Here in the Middle East, we have one of the world’s highest rates of social media usage. Famously, 90 per cent of the UAE’s internet users also have an active Facebook account. Saudi Arabia has the highest YouTube per capita viewing figures of anywhere on Earth, and with a reported 310 million video views per day across the MENA region, only the US sees more activity on the channel.
It’s a similar picture on the newer social media channels – Snapchat, for instance, reportedly has more active users in the UAE than in all but a few of its other geographies.

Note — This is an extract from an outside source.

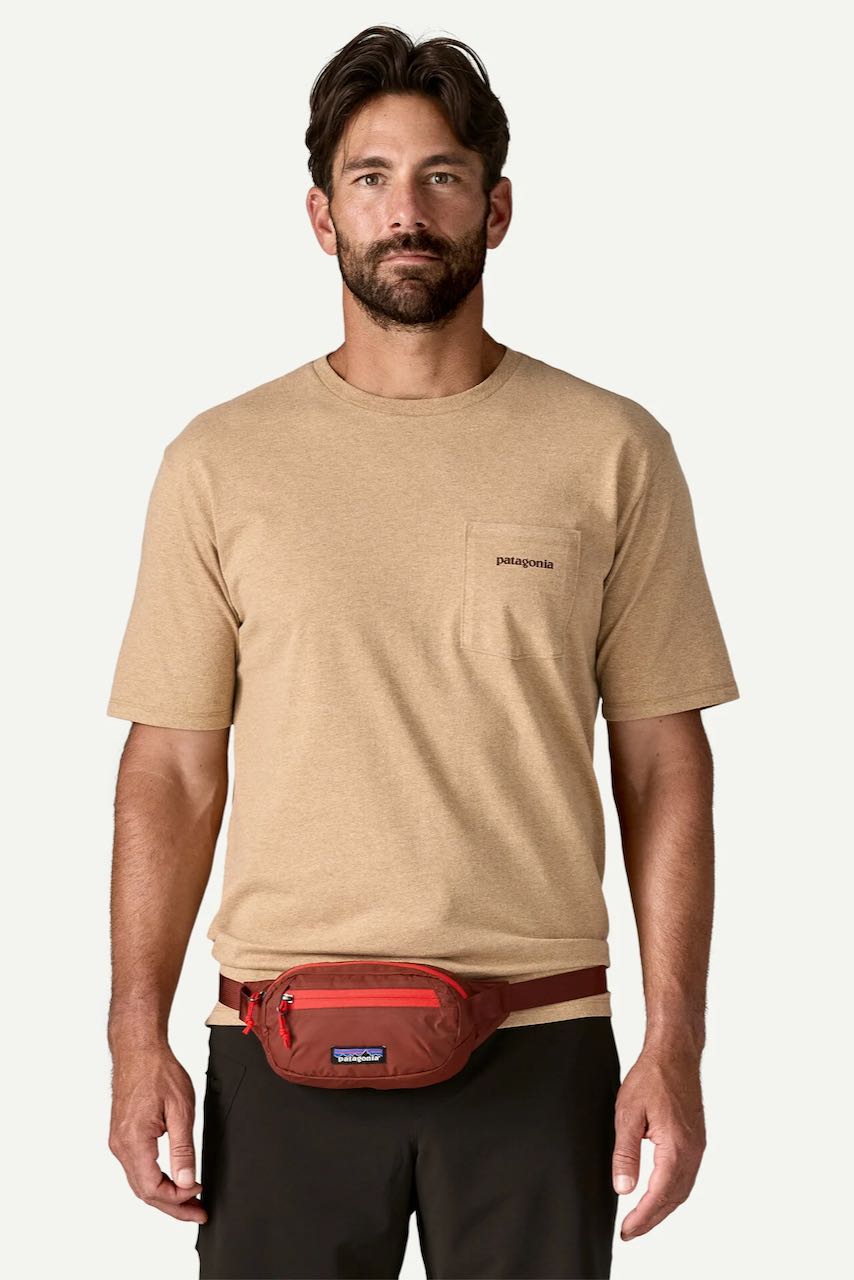 TERRAVIA Mini Hip Pack 1L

This matters. It matters because the dynamics that create such a fertile environment for social media adoption are not likely to change – not least in the short-term. And it matters because clearly so many of our consumers are increasingly spending their time on social media channels in preference to traditional websites. If this is where the market is, then this must be where the merchants should be as well.
So what are those dynamics? What creates the Middle East’s gravitational pull for social media channels? The answer is actually relatively straightforward, and it’s down to the triple whammy of demographics, disposable income, and device use.
The Middle East has a youthful population, with a third of people in the UAE under the age of 25—a trend seen throughout the region. The GCC’s population is not only affluent but also predominantly urban. Thanks to significant infrastructure investments over the past decades, urban areas enjoy excellent network coverage. Most notably, there is a strong affinity for mobile devices. In the UAE, for instance, smartphone penetration rates are among the highest globally.
Smartphone use drives social media adoption. Social media adoption drives smartphone use. Over 50 per cent of Facebook users, for instance, now access Facebook exclusively on their mobiles. Social media accounts for 15 per cent of today’s mobile data use, according to Ericsson’s Mobility Report – and the company estimates that this will grow by 39 per cent over the next six years. There’s only one category of mobile phone use that’s set to grow faster, and that’s video consumption – itself a significant aspect of social media activity.
So there’s no doubt that this is where the audience is. And social media channels themselves have gone to great lengths to facilitate e-commerce activity in-channel. It is now straightforward for a brand to not just present themselves properly on the majority of social media channels, but also engage with potential customers all the way through to the point of actual conversion.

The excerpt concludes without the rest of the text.